Janis: I think women are generally discouraged to be loud, proud, or draws too much attention to themselves. In the past years I have learnt to speak up whenever I believe is the right thing to do, interrupt if I feel the need to – and think less of what is expected of a woman. I think it’s important for everyone to reflect if they would treat women the same way they treat men – and make small changes to unlearn habits that may be harmful to others. Growing alongside a team of supportive, incredible women also helped my person and professional growth, and I’m very thankful for them.



Who are your most inspirational working women?


Kat: Rosalind Franklin – her image of the first DNA x-ray led to two men (!) later being widely credited with discovering DNA.

In terms of the HR profession, a woman that I find inspiring is Claude Silver (of VaynerMedia), who has managed to successfully integrate her Psychology and Human Development background into her approach to leading and mentoring hundreds of employees. As a Psychology graduate myself, I love to see how this expertise is used in a corporate environment. Her approach involves promoting optimism and encouraging open communication between business leaders and employees – rather than rigid hierarchies – enabling employees to feel heard and motivated.
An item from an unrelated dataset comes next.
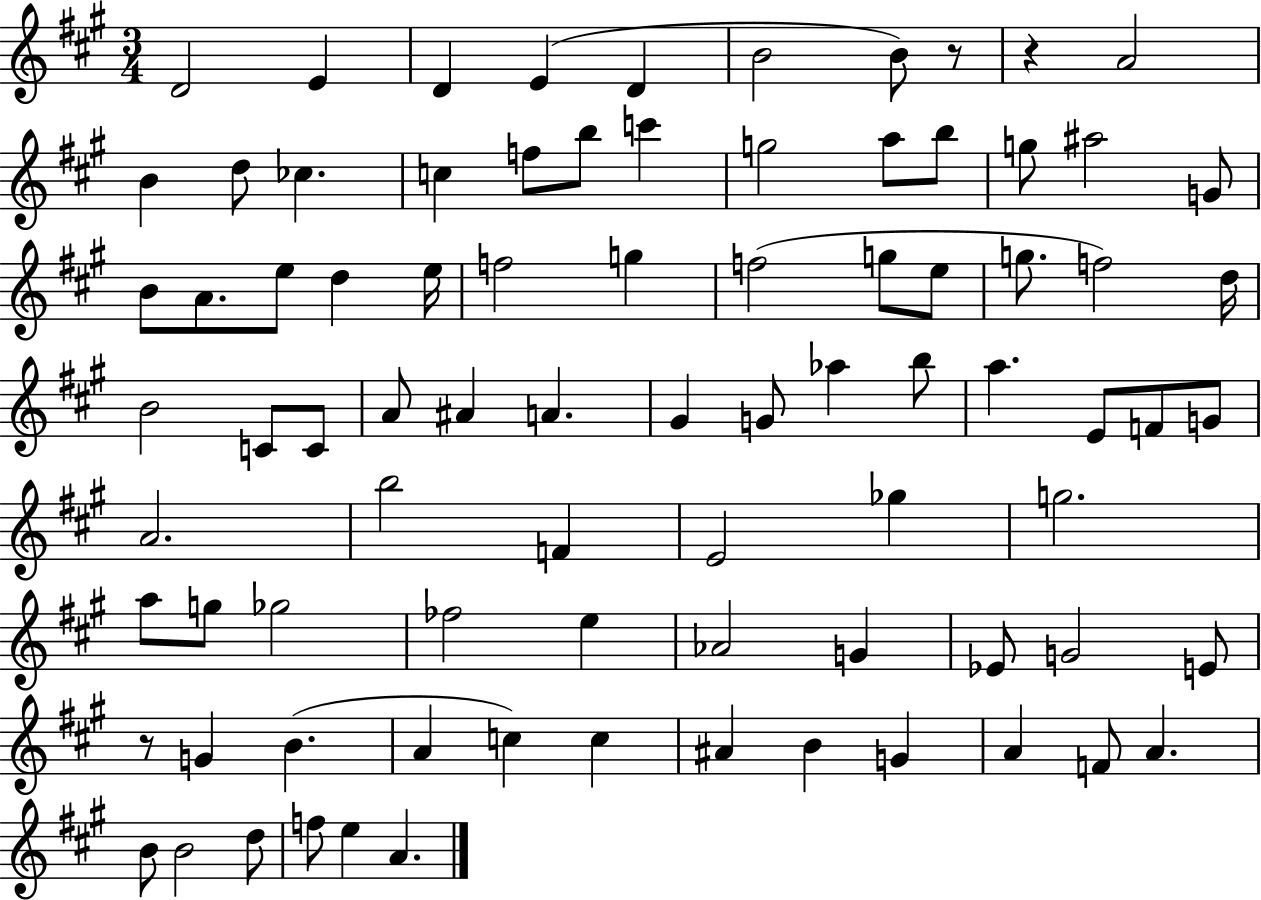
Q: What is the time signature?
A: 3/4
Rebecca: Working mothers. Owning a business or putting in the hours to grow in the corporate world while being expected to juggle a social life and home life. I see how hard they’re working to balance it all and it inspires me to keep reaching for the sky because there’s nothing we can’t achieve.


Erin: One of the working women I find most inspirational is Greta Gerwig. To distinguish yourself in a male-dominated field like Hollywood is impressive enough, but to reach the top of your industry without losing your individuality and flair is incredible!


Janis: I’m definitely not guilty for saying this – Taylor Swift. Not because of her catchy music which a million people claim she did not write herself, nor her vocal training that many deem “mediocre”, nor her work ethic and many self-inventions after being bullied and heavily criticised – but the positive impact she has on people, and the ways she uses her influence. She’s created a safe space for many young girls, women, men, and people of all genders to share joy, vulnerability, passion for literature; a culture where women are no longer pitted against each other, competing for attention, but raised each other up instead. That’s 2-3 generations of people healing and unlearning internalised patriarchy, and I think that’s powerful.



What does it mean to inspire inclusion as a leader?


Dan: Inspiring inclusion as a leader means creating an environment where every individual feels valued, respected and empowered to contribute their unique perspectives and talents. For myself and our team, this comes in many forms.

We work to set the tone by (hopefully) leading by example. I stay aware that my own actions are a reflection of the company, so the environment starts with me.

It’s also important to work at addressing bias. While there’s no room for conscious/visible bias, we also need to address unconscious bias and develop policies to overcome this.

Another pillar is encouraging communication. As a remote team, this can be a challenge but is at the core of what we want to foster in our environment. We know we’ll get the best out of our team by hearing from everyone, and aim to create channels where this is possible instantly, both within and across departments.